Reunidos os conselheiros, o príncipe toma a palavra, o que é indicado por frase no Sequencial cujo objeto direto é complementado por uma Forma Verbal Relativa cujo sujeito é o rei Apepi: iw.f Hr (wHm) n.sn smiw nb mdt // i.hAb n.f nsw (ippy)/// anx wDA snb // Hr r-r.sn . Note-se que o complemento circunstancial extraposto para o final, Hr r-r.sn, remete, não à relativa, mas ao objeto direto da frase que antecede, smiw nb mdt.
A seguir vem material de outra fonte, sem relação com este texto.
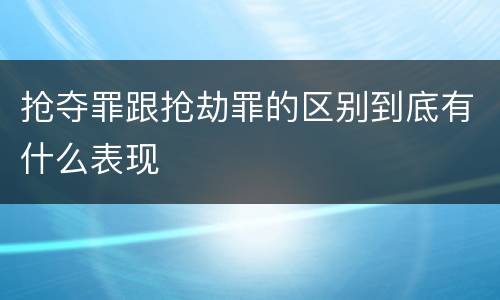 抢夺罪跟抢劫罪的区别到底有什么表现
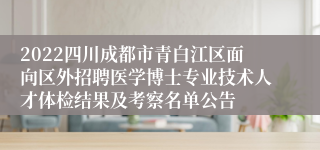 2022四川成都市青白江区面向区外招聘医学博士专业技术人才体检结果及考察名单公告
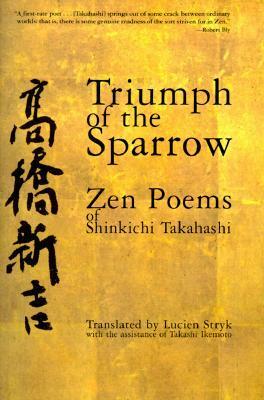 Triumph of the Sparrow: Zen Poems of Shinkichi Takahashi by Takashi Ikemoto, Shinkichi Takahashi, Lucien Stryk
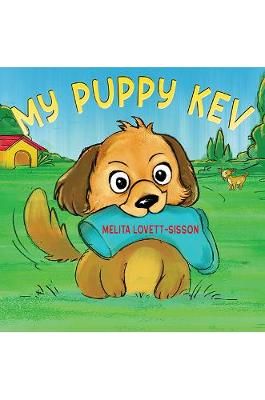 My Puppy Kev By Melita Lovett-Sisson 9781849638319 (Paperback)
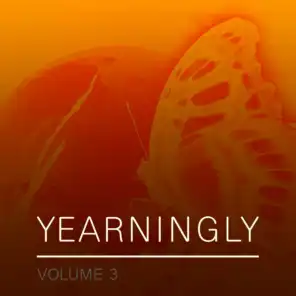 Yearningly, Vol. 3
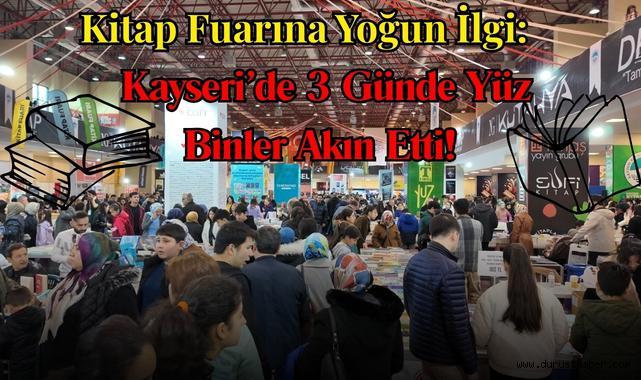 Kitap Fuarına Yoğun İlgi: Kayseri’de 3 Günde Yüz Binler Akın Etti!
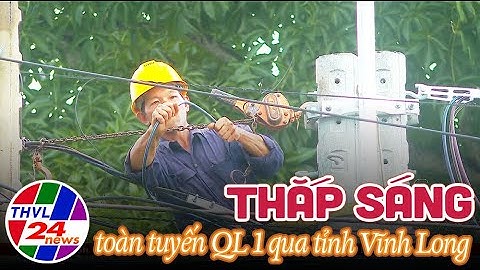 Thắp sáng toàn tuyến Quốc lộ 1 qua tỉnh Vĩnh Long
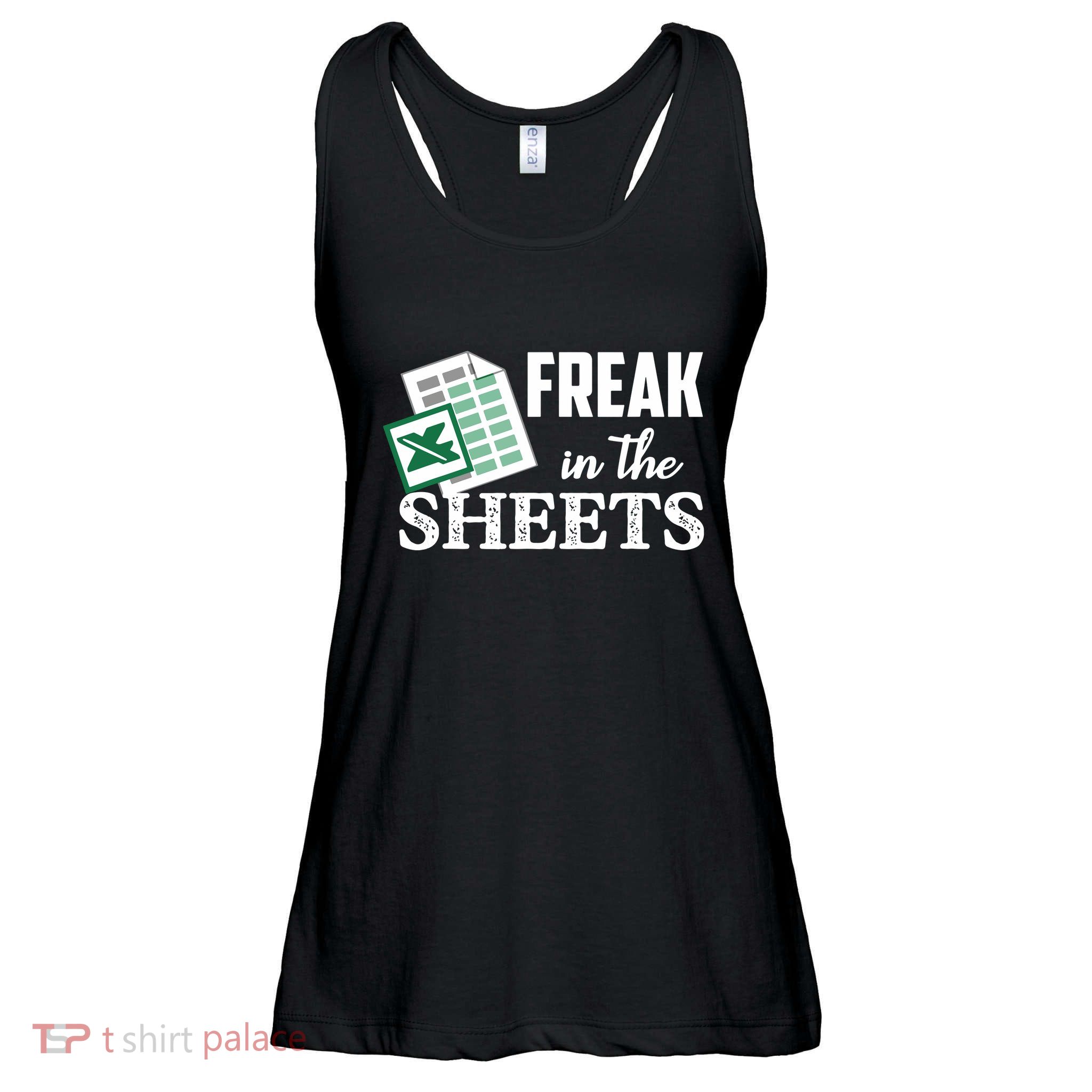 Freak In The Excel Sheets Funny Accountant Spreadsheet Ladies Essential Flowy Tank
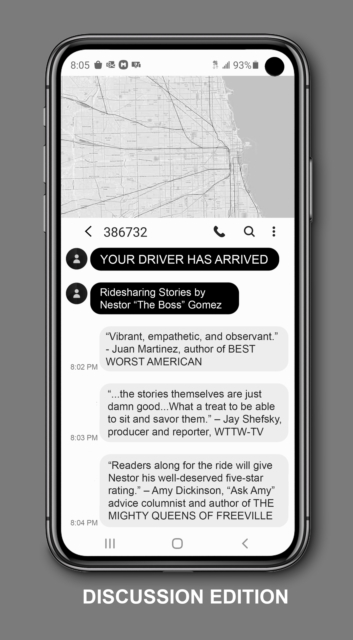Your Driver Has Arrived - Discussion Edition : Ridesharing Stories by Nestor "The Boss" Gomez With Discussion Questions, Paperback / softback Book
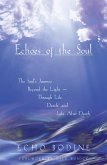 Echoes of the Soul (eBook, ePUB) Echoes of the Soul (eBook, ePUB)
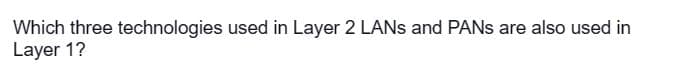 Which three technologies used in Layer 2 LANs and PANs are also used in
Layer 1?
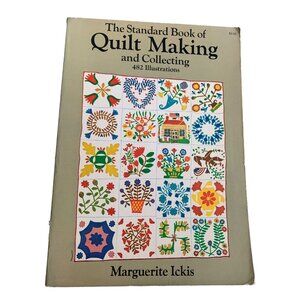 The Standard Book Of Quilt Making And Collecting By Marguerite Ickis  482 Illust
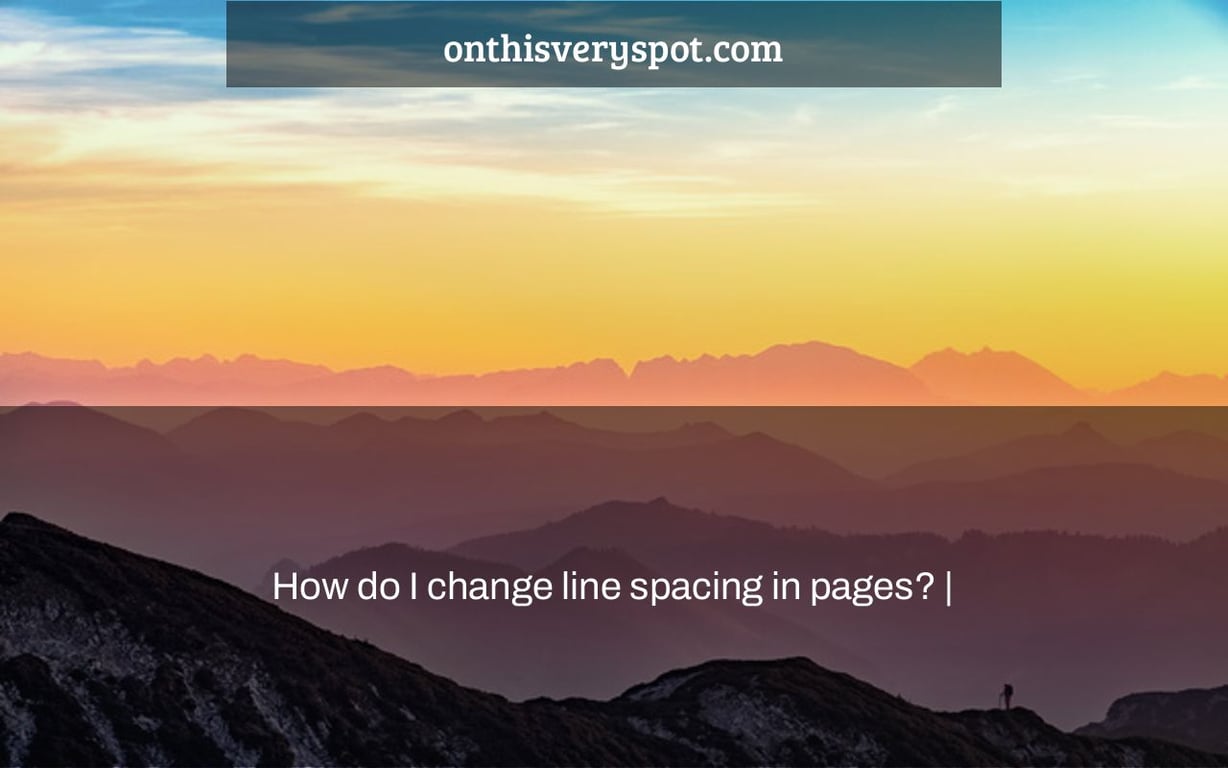 How do I change line spacing in pages? |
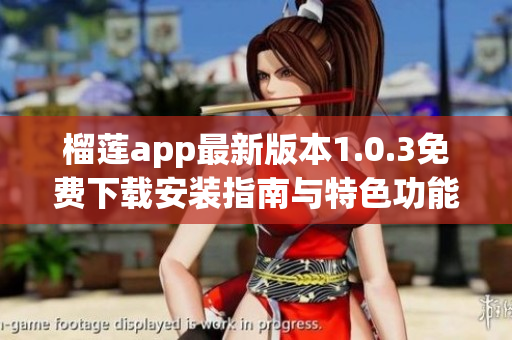 榴莲app最新版本1.0.3免费下载安装指南与特色功能介绍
Tendo escutado a surpreendente demanda de Apepi acerca do lago dos hipopótamos, o texto informa que os conselheiros não souberam responder bem ou mal, ou seja, emudeceram. São duas frases. A primeira é um Presente 1 com sujeito no Estativo, introduzida por auxiliar arcaico e seguida de um advérbio composto como complemento circunstancial e por um complemento circunstancial de tempo: aHa.n // sn gr m-r-wa m At aA(t). A segunda, um sDm.f Perfectivo Ativo negado (em forma arcaica) por nn, exige completiva por não ter o verbo que significa saber sentido completo, estando a completiva em questão construída com o Infinitivo wSb acompanhado de um dativo e de um complemento circunstancial: nn rx.sn // wSb n.f nfr m-r-pw bin. 12 (p. 7) wn.i(n) nsw (ippy)/ anx wDA snb Hr hAb n (...)

Esta última frase, que se preservou só parcialmente, mostra que a ação deslocar-se-ia de novo para Avaris, já que diz que o rei Apepi enviou uma mensagem (a forma empregada é a última ocorrência da construção continuativo-narrativa wn.in.f Hr sDm, com sujeito substantival).